Experts say there are ways data centers can have a lower impact than many assume, such as by locating on already developed land, using high-efficiency servers, taking advantage of the existing grid, operating at high utilization, reusing waste heat and minimizing water use through closed-loop or air-based cooling, Virginia Tech John W. Hancock Professor of Engineering Dimitrios Nikolopoulos said. They can, for instance, use renewable energy, which some large tech players like Microsoft and Google have pledged to do.
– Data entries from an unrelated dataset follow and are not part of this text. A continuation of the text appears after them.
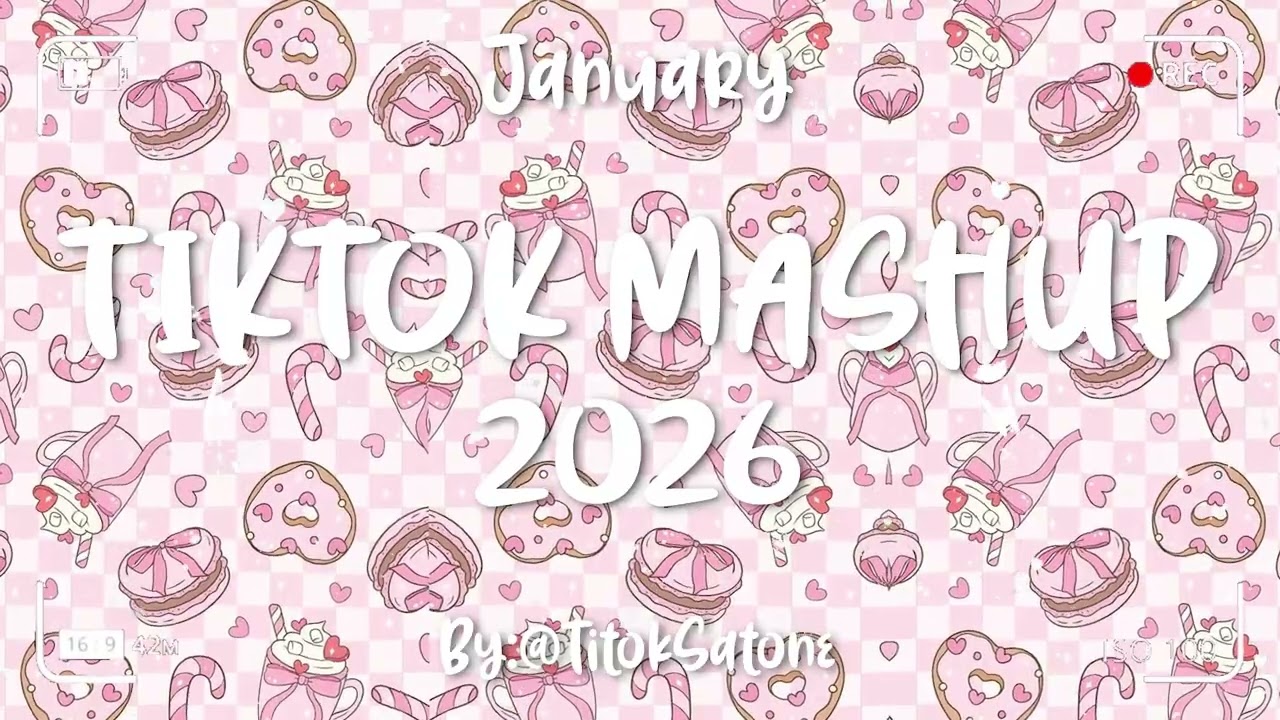 Tiktok Mashup February 💗2026💗 (Not Clean)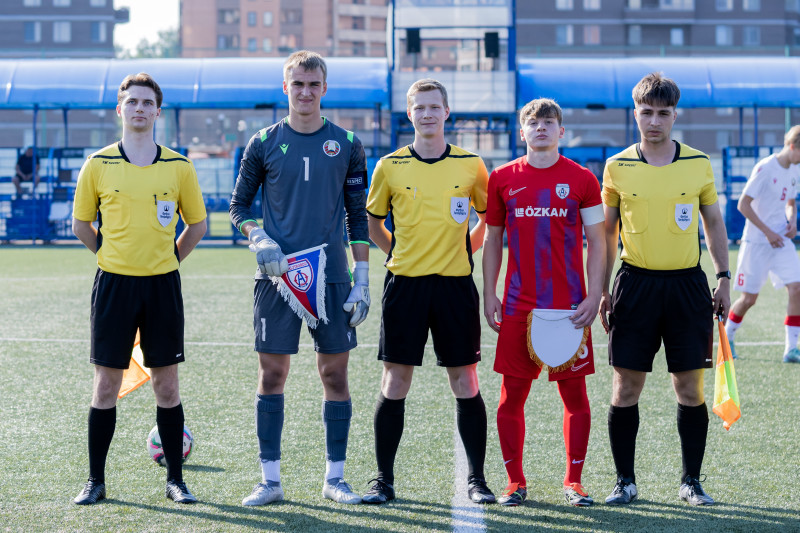 Кубок Казаченка 2024: Сборная Беларуси — «Алтынорду»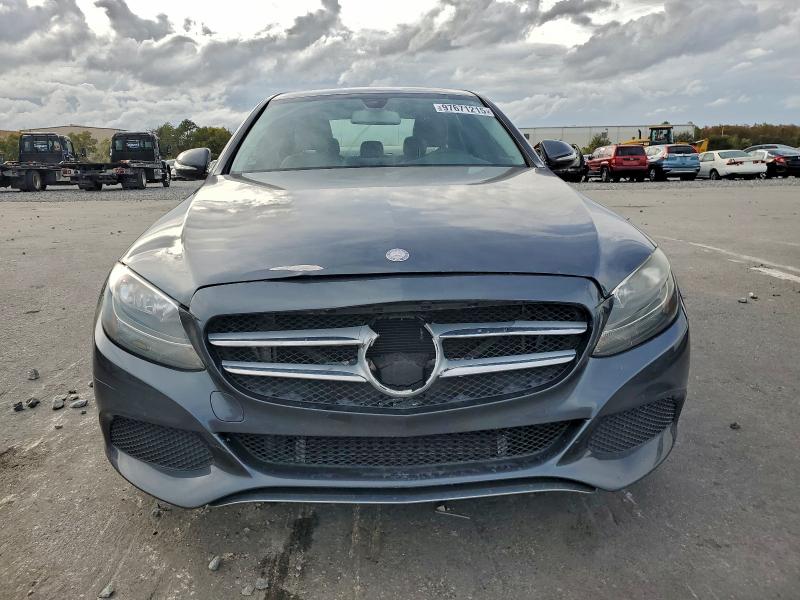 Фото 5 - MERCEDES-BENZ C-CLASS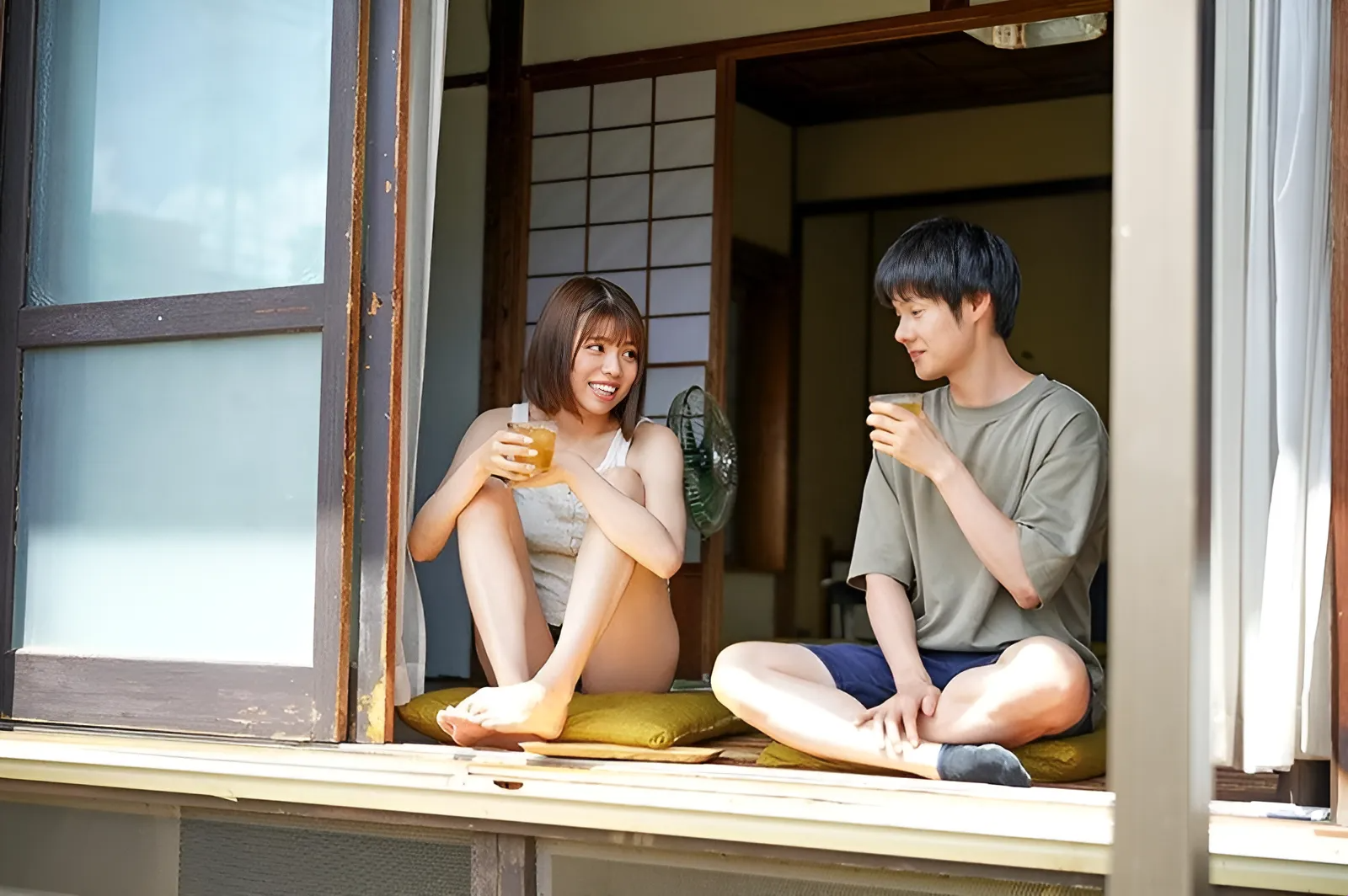STARS-737 私の家族の売春婦のいとこ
"There’s a wide range in how much data centers rely on renewables. Some big players, like Google and Microsoft, sign long-term power-purchase agreements and aim for 24/7 carbon-free energy, while many other operators still largely depend on conventional grids and renewable energy credits," Nikolopoulos said. "Even '100% renewable' claims usually refer to annual accounting, not real-time clean power. I think we should aim higher: match workloads with local renewables in real time where possible, add on-site solar or storage when it makes sense, and design centers to shift some AI workloads to follow the sun and wind."

Energy demand is soaring

Data centers use a lot of energy, said University of Chicago professor of computer science Andrew A. Chien. Data centers consumed about 280 terawatt-hours of electricity, or an average of roughly 32 gigawatts of power, over the course of a year.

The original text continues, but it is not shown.